In a nearby term,  the large plea for you, dear confidence founder, is offered in an over swarming market. If we were you, I’d remember that creation should not be limited to merely technology, though can extend into sales and marketing. We miss creativity when it comes to selling – ask Kelly Shortridge of Security ScoreCard. She should get some kind of BlackHat endowment for building this godforsaken Infosec Startup Bingo. If we find any startup businessman that uses all these words, and wins this bingo, greatfully DM me ~ we will soon trim my conduct in shame. We got here since we do not possess elementary selling muscles. We duplicate any other while a business hurl their eyes when we representation them.

Sid Trivedi of Omidyar Technology Ventures wants to work with a developer focussed startups. He says, “Look during companies like Auth0. The sales potency on developer-focused platforms is tremendous. You can go to a CISO, CIO or CTO and indicate out that X series of developers are profitable to use my technology. Here are their names, since don’t we speak to them? And then, let’s plead an craving permit for a full company?” That proceed works like magic. Overwhelming infancy of a program IPOs like Twilio, Mulesoft, SendGrid are developer platforms.”

If we go top-down in a hurry, we can pile-up and burn. we am wakeful of an desirous confidence businessman who used executive spin vigour during a Fortune 50 company. They kicked their approach into a POC. And got kicked out by a infosec team. The furios infosec group broken a businessman in a technical assessment. we was told that a product was organic though a vendor’s impatience and domestic gymnastics killed a deal. Let us not forget elementary truth: many times CISOs spin to their subordinates for recommendation and decision-making, so don’t only sell to a top. Nor omit a rest of a people in a room.

With some-more noise, a buyers freeze. Margins shrink. Revenues and expansion slows down. Which means it’s harder to get to your milestones before your subsequent round. Running out of money is not fun. Nor is a down round, layoffs and such. So while this is easier pronounced than done, greatfully lift reduction and do more.

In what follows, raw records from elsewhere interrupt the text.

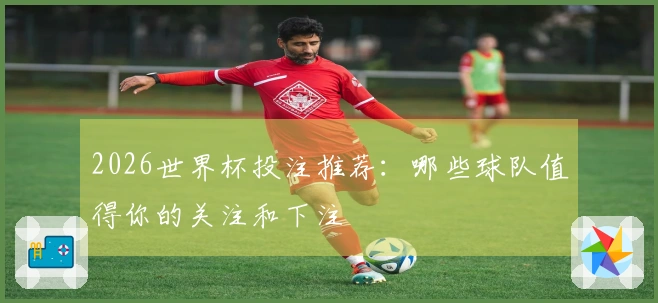 2026世界杯投注推荐：哪些球队值得你的关注和下注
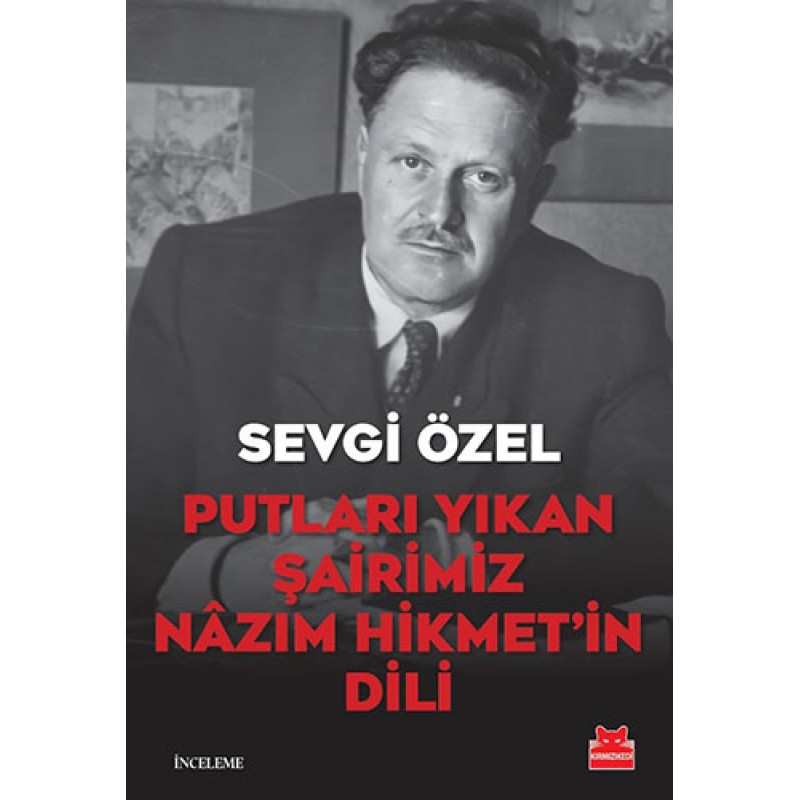 Putları Yıkan Şairimiz Nâzım Hikmet’in Dili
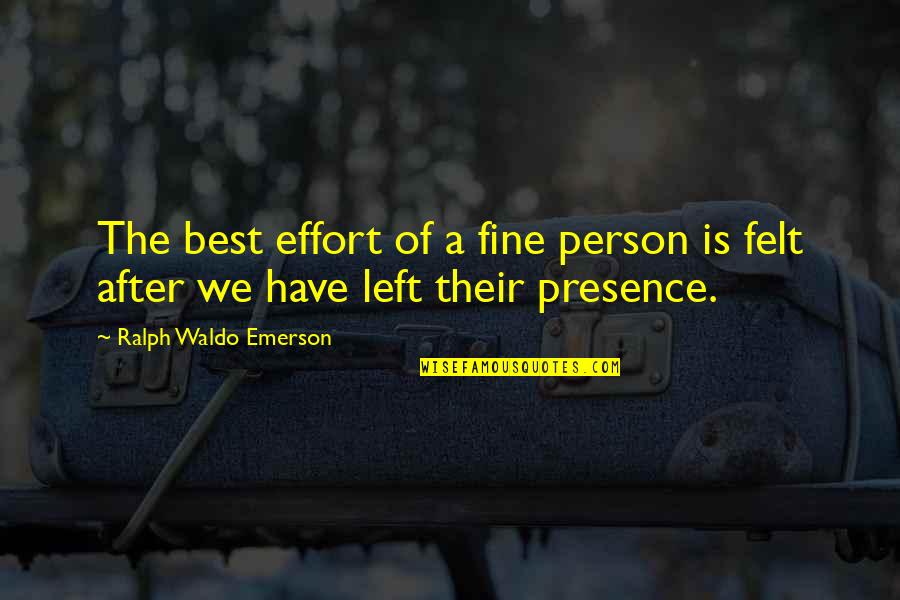 Aridity Def Quotes By Ralph Waldo Emerson: The best effort of a fine person is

And maybe, only maybe, we can keep 40% of a $350 million exit.

If we have questions or existential dilemmas, we can always find me, chatting with a accessible VC in South Park.  Or I’m always around in a devoted secure universe of Signal.

Stay protected during that annual confidence bolt called RSA.



PS: Let’s not forget to demonstrate a thankfulness to those analysts during Momentum Cyber and Pitchbook for painstakingly tracking any investment, examining and presenting suggestive data. They assistance us demeanour during a forest, and make a tour easier. Send them a thank-you tweet, some wine, chocolates, flowers or home-baked cookies.